Installation common issues

This document provides solutions to common issues encountered during installation and operation.

Common issues during installation

Symptoms
Kafka not verifying
Solution
Delete the Kafka resource and allow it to re-create automatically.
Symptoms
Role binding conflicts
Solution
Delete existing role bindings before you proceed with the installation.
Symptoms
Images pull errors
Solution
Verify that entitlement key secrets are correctly created and configured.
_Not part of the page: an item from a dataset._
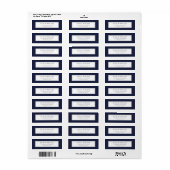 Marineblauw Classic Modern Retouradres Etiket (Full Sheet)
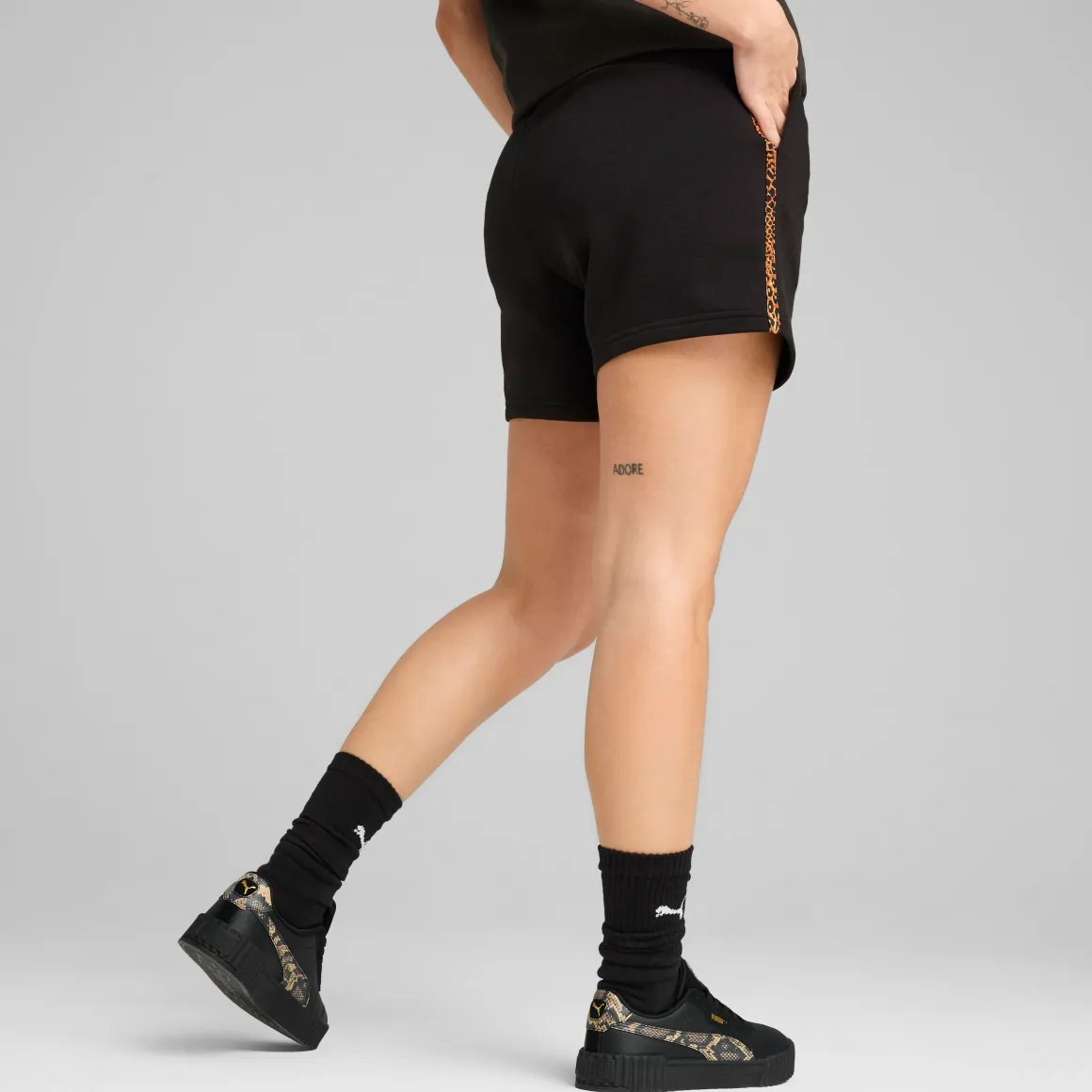 Shorts neri da Donna con banda leopardata ESS GRAPHIC ANIMAL Puma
Conflicts multiple operator versions attempt to manage the same PostgreSQL

Symptoms:
When you migrate from OLM (Operator Lifecycle Manager) to non-OLM deployments, both the old OLM-based Postgres operator and the new Helm-based operator might run simultaneously. This creates conflicts and resource contention, as multiple operator versions attempt to manage the same PostgreSQL resources. The old CSV (ClusterServiceVersion) must be manually removed to prevent operational issues and can ensure that only the Helm-based operator manages PostgreSQL instances.
Solution
Follow these steps to remove CSV-based Postgres deployments when you migrate from OLM to non-OLM.
  1. Step 1 - Verify Helm-based Postgres Operator
    1. Check whether the Helm-based Postgres operator is running:
      oc get deploy postgresql-operator-controller-manager-1-25-4 \
        -n ${PROJECT_CPD_INST_OPERATORS}
      
      oc get deploy postgresql-operator-controller-manager-1-25-3 \
        -n ${PROJECT_CPD_INST_OPERATORS}
    2. If both operators are active (versions 1-25-4 and 1-25-3), you need to remove the older version (1-25-3).
  2. Step 2 - Inspect Finalizers on old OLM CSV
    oc get csv cloud-native-postgresql.v1.25.3 \
      -n ${PROJECT_CPD_INST_OPERATORS} \
      -o jsonpath='{.metadata.finalizers}'

    Expected output

    ["operators.coreos.com/csv-cleanup"]
  3. Step 3 - Remove the Finalizer
    1. Forces unlock by removing the finalizer for the old Postgres CSV:
      oc patch csv cloud-native-postgresql.v1.25.3 \
        -n ${PROJECT_CPD_INST_OPERATORS} \
        --type=json \
        -p='[{"op":"remove","path":"/metadata/finalizers"}]'
  4. Step 4 - Delete the CSV
    oc delete csv cloud-native-postgresql.v1.25.3 \
      -n ${PROJECT_CPD_INST_OPERATORS}
  5. Step 5 - Verify Removal
    Wait 30 seconds, then verify that the OLM-based operator deployment is removed:
    oc get deploy -n ${PROJECT_CPD_INST_OPERATORS} | grep postgresql
    
    Watson Assistant TensorFlow Deployment Issues

Watson Assistant TensorFlow deployment issues

Problem: WA TF Deployment Not Starting

Symptom The pod restarts before models are downloaded due to startup probe timing out.

Solution Adjust the startup probe with a temporary patch to accommodate slow download speeds.

Apply the following patch:
cat <<EOF | oc apply -f -
apiVersion: assistant.watson.ibm.com/v1
kind: TemporaryPatch
metadata:
  name: wa-tf-probe-fix
spec:
  apiVersion: assistant.watson.ibm.com/v1
  kind: WatsonAssistantClu
  name: wo-wa
  patchType: patchStrategicMerge
  patch:
    tf:
      deployment:
        spec:
          template:
            spec:
              containers:
              - name: tensorflow-serving-adapter
                startupProbe:
                  periodSeconds: 30
EOF

This increases the period between startup probe checks from the default to 30 seconds.

Alternative

Increase the failureThreshold instead of adjusting periodSeconds.